Hunter's critics, however, are growing in number and rising in volume after the union's abrupt departure from the negotiating table Oct. 4, shortly after Stern unexpectedly resuscitated an earlier union idea of a 50-50 split of Basketball Related Income based on the same calculations used in the league's previous labor agreement. Hunter left the distinct impression that day that famously intense Boston Celtics forward Kevin Garnett was suddenly in charge after participating in zero meetings to that point, thanks to a string of reports in the wake of the dissolved talks that union officials ended negotiations at the urging of Garnett's passionate/furious insistence that the NBPA accept nothing less than 53 percent of old BRI. The union hasn't backed off the 53 percent figure since.

That sequence of events spawned the follow-up perception that Hunter was determining policy based on the wishes of his most vocal and/or most decorated constituents as opposed to establishing the course of action as the union's lead voice. And that feeds right into the question that has been privately posed for months by various agents as well as a handful of players: Is Hunter willfully avoiding tough stands and simply sticking to his "stay strong" and "prepare for the worst" preaching mantras in hopes that the players themselves force a resolution while he retains a job that pays him a reported $2 million annually?

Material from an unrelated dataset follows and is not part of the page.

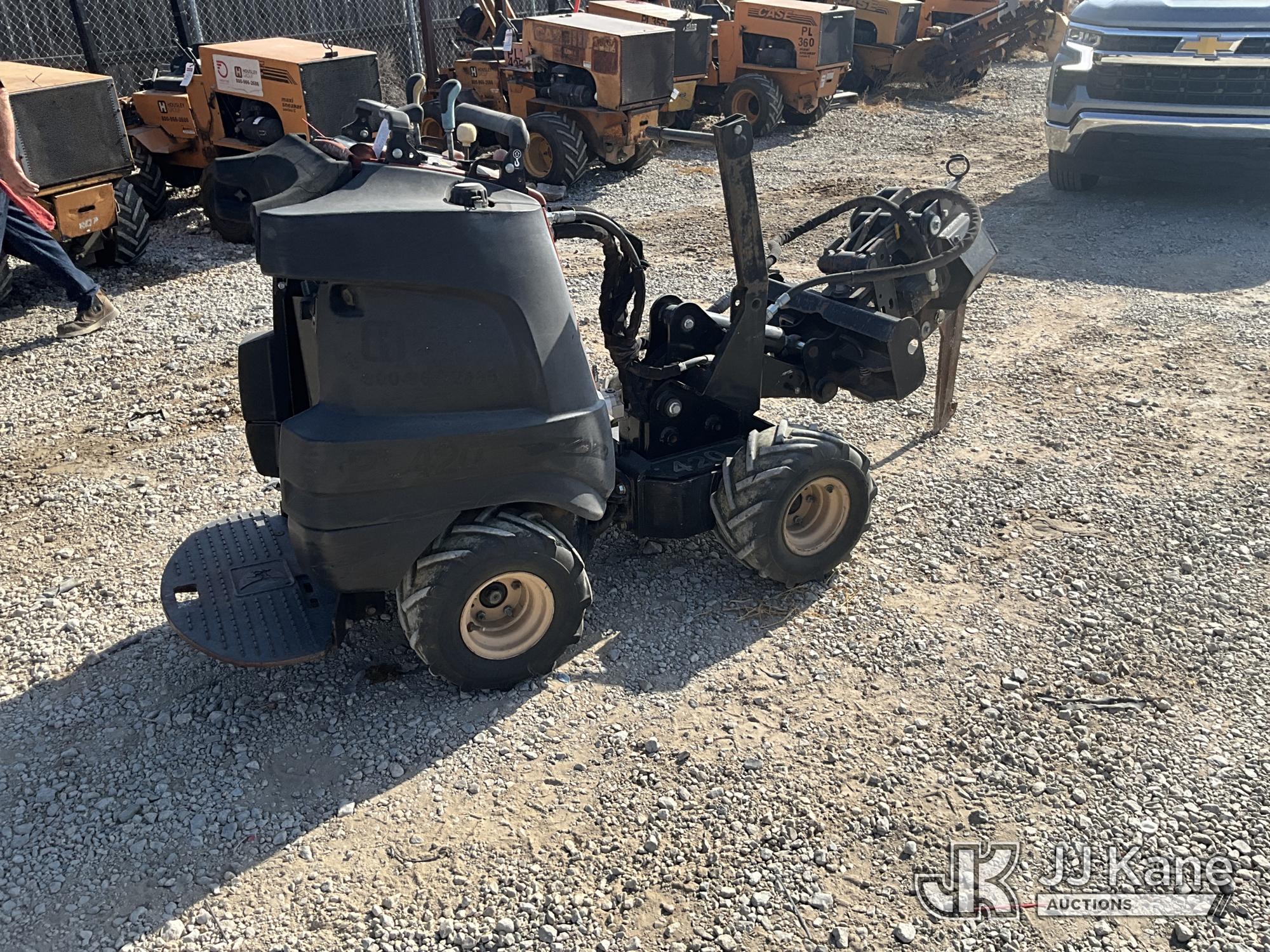 2019 Ditch Witch ZAHN R300A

ESPN.com's Henry Abbott, quoting a source close to negotiations, reported earlier this week that Hunter "has his hands full" dealing with players like Garnett and Dwyane Wade who are taking a harder line than he has. During a wide-ranging round of TV and radio interviews Thursday, Stern only amplified those concerns by insisting that Hunter wasn't even in the room on Oct. 4 when Stern and deputy commissioner Adam Silver were summoned behind closed doors to hear that the NBPA had decided that it couldn't attempt to sell a 50-50 revenue split to its members and that, according to sources, there was nothing left to discuss.

Hunter returns to the spotlight Friday, when he hosts a regional players meeting in Los Angeles before meeting Monday with federal mediator Cohen in advance of Tuesday's bargaining session with the league that will be overseen by Cohen. Yet it was at one of those regional meetings earlier in the summer that sources say another Celtics player -- Paul Pierce -- loudly challenged Hunter to enlighten the assembled audience on the details of "our plan" to withstand the owners' push for a far more restrictive financial system that enhances competitive balance.

No one ever said Hunter's job was easy, given the heavy odds in the owners' favor of getting many of the changes they want, but a lot of players out there are still waiting to finally hear some specifics from that plan.